Deepa Gahlot muses on the stunning Devika Rani, who set Indian movie screens afire with a kiss back in 1933
Devika Rani is in focus at present due to Lillette Dubey’s play based on her life. The actress-producer, the great-grand-niece of Rabindranath Tagore, was known for her stunning beauty. She was the first female superstar of Indian cinema, at a time when educated women from cultured families did not work in films. Along with her husband Himanshu Rai, she established Bombay Talkies in 1934–India’s first professionally run studio, that she continued to manage after Rai’s death (in 1940), the first woman to head a studio.
Looking back then, at her debut film Karma (1933), that has gone down in movie history as the film that had a four-minute kiss.
Karma was produced by Rai just two years after the advent of the talkie (Alam Ara 1931), and he had the foresight to make an English version for western audiences—his fourth international production, after the silent films, The Light Of Asia, Shiraz and A Throw of Dice (1929).
Directed by J. L. Freer-Hunt, the bilingual film (Fate aka Song Of The Serpent in English) the film had a crew made up of both Indians and Westerners. It premiered in England (with a special screening arranged for the royal family) and was a critical and commercial success, perhaps because it had just the kind of exotica—beautiful locations and exquisite costumes— the West would appreciate. Not surprisingly, the simplistic love story was rejected by Indian audiences back home when the Hindi version was released a year later.
Devika Rani played the Maharani of Sitapur, who is in love with the prince (Himanshu Rai) of the neighboring kingdom of Jayanagar. His father, the elderly maharaja (played by Dewan Sharar who was also the film’s co-writer with Rupert Browning) disapproves of the maharani, because of her modern ideas on education and healthcare for all.
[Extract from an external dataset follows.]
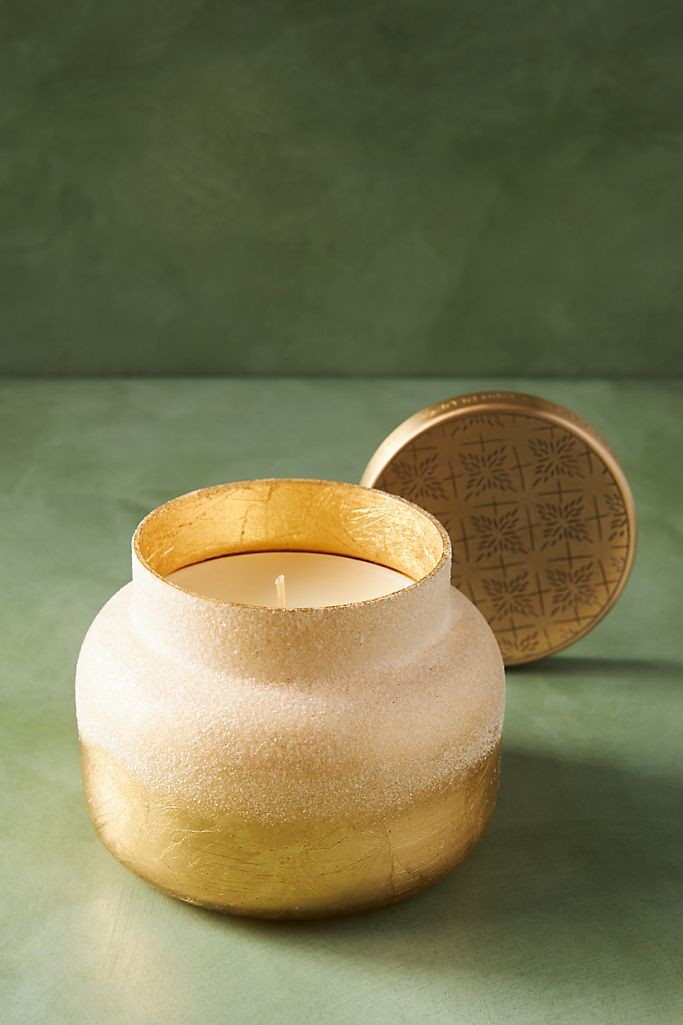 Capri Blue Volcano Sugarcoated Glass Jar Candle | Anthropologie (US)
The prince, however, defies his father to woo her.
The Maharaja of Jahanagar loves to hunt, but there are no tigers on his land so the maharani decides to hold a tiger hunt in her kingdom and invite the king to participate, hoping this will make him change his mind about her. The idea doesn’t go down well with the good people of Sitapur whose religious views forbid them from killing animals. A determined maharani decides to go ahead anyway and organizes a big festival for the disgruntled populace hoping it will soften their mood.
During the hunt, the prince accidentally kills a man and is also bitten by a cobra; The maharani rushes to her unconscious beloved’s side and kisses him in a fit of desperation (cue the famous kissing scene) pleading to the Gods for her prayers to be answered. The snake charmer goes off to look for the snake—he believes if the snake bites the prince again it will work as an antidote to the poison. The maharaja placates the angry public and his bad karma by giving alms to the poor. The snake is found, the prince is saved and the film ends on an abrupt but happy note.
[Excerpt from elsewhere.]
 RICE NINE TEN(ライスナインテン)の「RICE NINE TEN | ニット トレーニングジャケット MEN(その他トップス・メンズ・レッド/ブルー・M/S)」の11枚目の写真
After it flopped, Rai quit acting and concentrated on movie-making. Bombay Talkies produced over a hundred films and launched dozens of careers. A major scandal ensued when Devika Rani eloped with the handsome actor Najmul Hassan. She was eventually persuaded to return, but because of this incident, Hassan’s career as a leading man was ruined. His loss proved to be Ashok Kumar’s gain when Himanshu Rai chose a laboratory assistant, Kumudlal Kunjilal Ganguly, renamed him, and made him the new hero of Jeevan Naiya (1936). To Devika Rani goes the credit of discovering a fruit merchant’s handsome son, Yusuf Khan, better known as Dilip Kumar, and casting him in Jwar Bhata (1944). She was also instrumental in the making of Kismet (1943), one of the biggest blockbusters of Indian cinema.
In 1945, she married the Russian painter Svetoslav Roerich and retired from the industry. She was the first recipient of the Dadasaheb Phalke Award, when it was instituted in 1970.